Arthur Marwick

British historian (1936-2006)

Arthur John Brereton Marwick FRHistS (29 February 1936 – 27 September 2006) was a British social historian, who served for many years as Professor of History at the Open University. His research interests lay primarily in the history of Britain in the twentieth century, and the relationship between war and social change. He is probably best known, however, for his more theoretical book The Nature of History (1970; revised editions 1981 and 1989), and its greatly reworked and expanded version The New Nature of History (2001). In the latter work he defended an empirical and source-based approach towards the writing of history, and argued against the turn towards postmodernism.

Quotes edit

  • History is the study of the human past, through the systematic analysis of the primary sources, and the bodies of knowledge arising from that study, and, therefore, is the human past as it is known from the work of historians. The human past enfolds so many periods and cultures that history can no more form one unified body of knowledge than can the natural sciences. The search for universal meaning or universal explanations is, therefore, a futile one. History is about finding things out, and solving problems, rather than about spinning narratives or telling stories.
    • "Two Approaches to Historical Study: the Metaphysical (including 'Postmodernism') and the Historical" (1995), cited in Tosh, ed. Historians on History, p. 300
  • The insistence that language determines ideas, and is itself a system arising from the existing power structure in society, is as grandiose a piece of speculative thought as ever dreamed up by Hegel or Nietzche.
    • "Two Approaches to Historical Study: the Metaphysical (including 'Postmodernism') and the Historical" (1995), cited in Tosh, ed. Historians on History, p. 301
  • Primary sources did not come into existence to satisfy the curiosity of historians. They derive 'natural', 'organically', as it were, or, more straightforwardly, 'in the ordinary course of events', from human beings and groups of human beings, in the past society being studied, living their lives, worshipping, decision-making, adjudicating, fornicating, going about their business or fulfilling their vocations, recording, noting, communicating, as they go, very occasionally, perhaps, with an eye on the future, but generally in accordance with immediate needs and purposes.

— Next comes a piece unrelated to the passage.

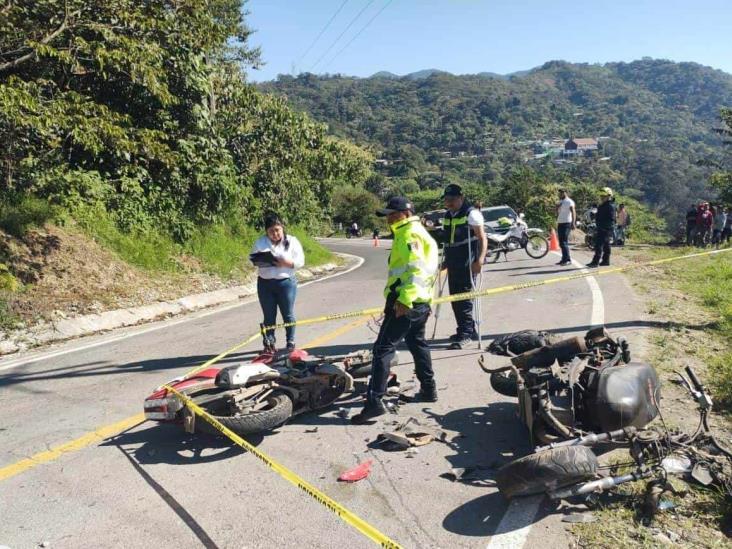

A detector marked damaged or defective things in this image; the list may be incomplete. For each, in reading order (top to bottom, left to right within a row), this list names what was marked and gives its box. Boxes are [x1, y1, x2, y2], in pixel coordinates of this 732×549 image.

damaged motorcycle [143, 348, 384, 434]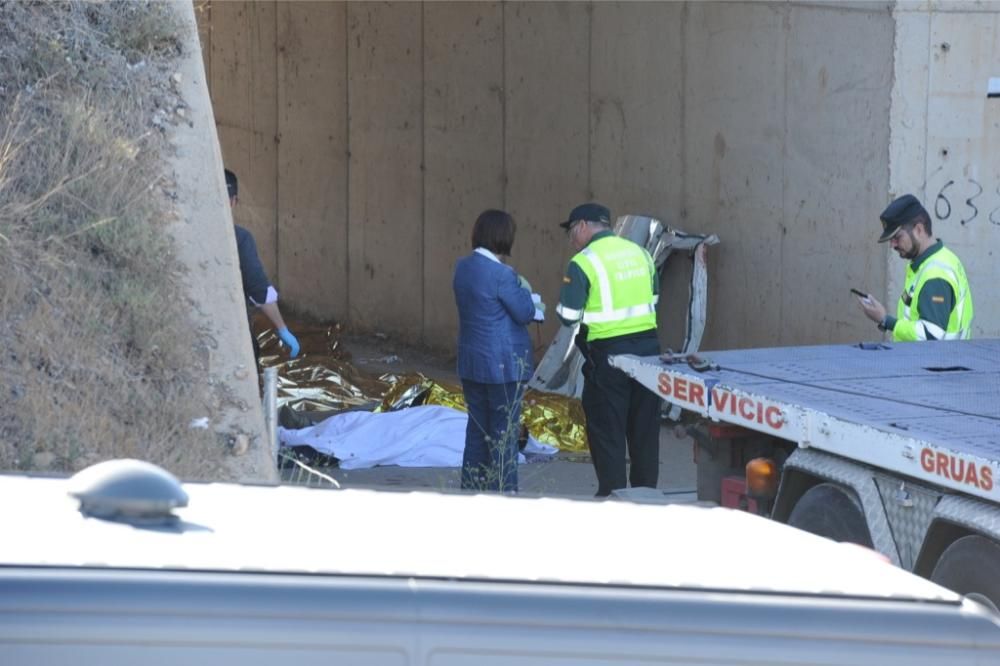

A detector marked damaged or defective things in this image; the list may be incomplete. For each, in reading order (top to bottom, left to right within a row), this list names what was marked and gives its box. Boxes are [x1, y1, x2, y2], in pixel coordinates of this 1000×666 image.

crumpled metal debris [258, 322, 588, 452]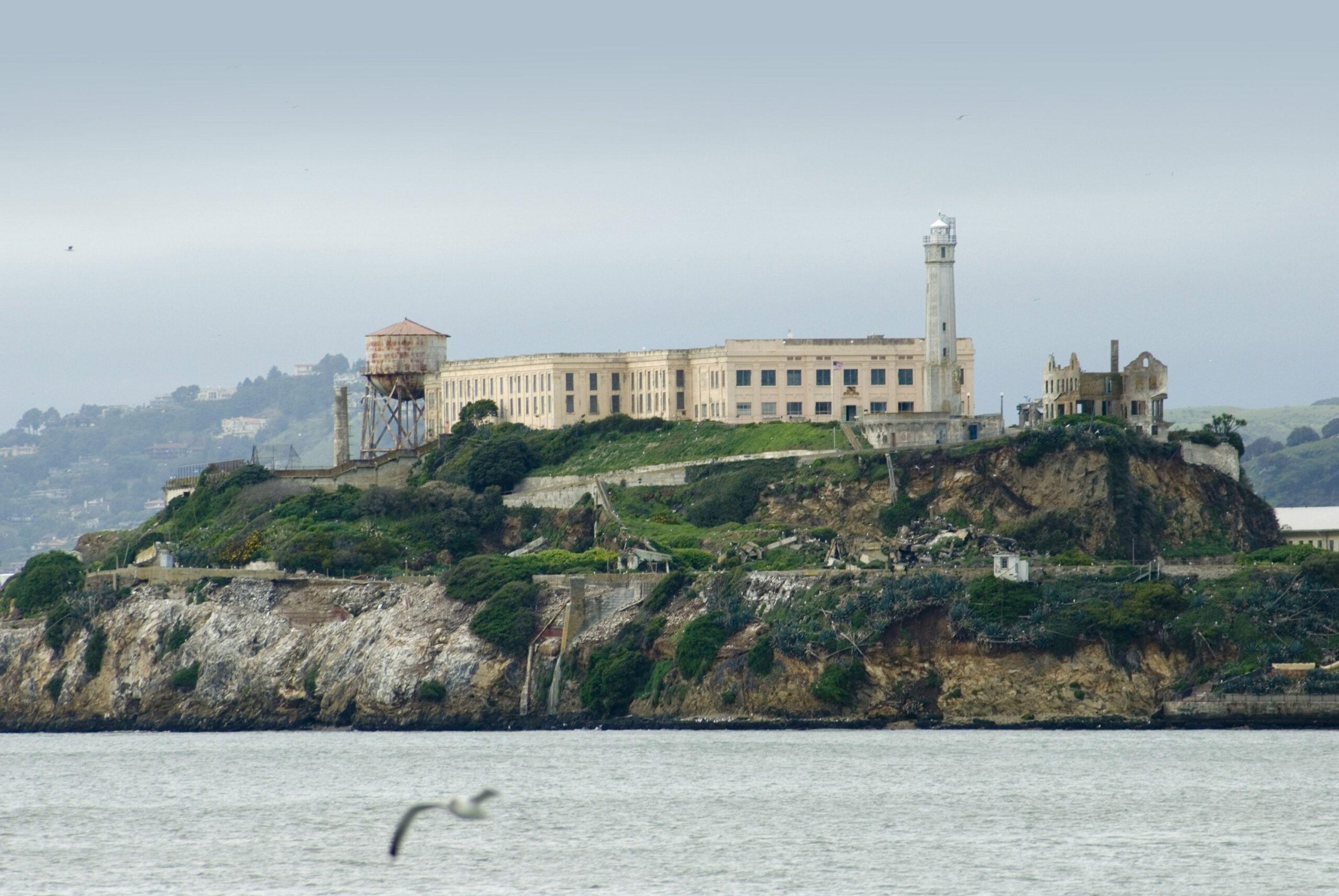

The technical skills of the historian lie in sorting these matters out, in understanding how and why a particular source came into existence, how relevant it is to the topic under investigation and, obviously, the particular codes or language in accordance with which the particular source comes into being as a concrete artefact.
    • "Two Approaches to Historical Study: the Metaphysical (including 'Postmodernism') and the Historical" (1995), cited in Tosh, ed. Historians on History, p. 302
  • If the historian finds himself resorting to metaphor or cliché, that may well be a warning that things have not been sufficiently worked out, and substantiated, to be conveyed in plain simple prose.
    • "Two Approaches to Historical Study: the Metaphysical (including 'Postmodernism') and the Historical" (1995), cited in Tosh, ed. Historians on History, p. 303
  • Society has a right to demand from historians accounts which can, if so desired, be used in trying to understand the evolution of political ideas or institutions, or the origins of the many conflicts throughout the world, or to gain the necessary contextual information for enjoying more fully a painting or a poem or some favourite tourist attraction. Those seeking such understandings will not be helped by some speculative theory about the need to replace humanism with radical ideology, or of the inescapability of their situation within language, but will want to feel that the explanations, interpretations, and information they are provided with are based on serious study of the evidence; and it will do them no harm at all if they are also made aware that all sources are fallible, that all study of them must be carried out in accordance with the strictest principles, and that there are always things which we do not know with any certainty.
    • "Two Approaches to Historical Study: the Metaphysical (including 'Postmodernism') and the Historical" (1995), cited in Tosh, ed. Historians on History, p. 304-5
  • For most countries involved in modern war the experience has resulted in, among other things, the testing of the cruder fallacies of economic liberalism, the testing of human reluctance to exploit the full potential of science and technology, and the testing of the general inadequacy of social provisions of the weaker members of the community: looking for the moment only at the broad perspective, one can detect change towards management of the economy, towards a more science-conscious society and towards a welfare state.
    • Total War and Social Change
  • Historians do not, as too many of my colleagues keep mindlessly repeating, “reconstruct” the past. What historians do is produce knowledge about the past, or, with respect to each individual, fallible historian, produce contributions to knowledge about the past. Thus the best and most concise definition of history is: “The bodies of knowledge about the past produced by historians, together with everything that is involved in the production, communication of, and teaching about that knowledge.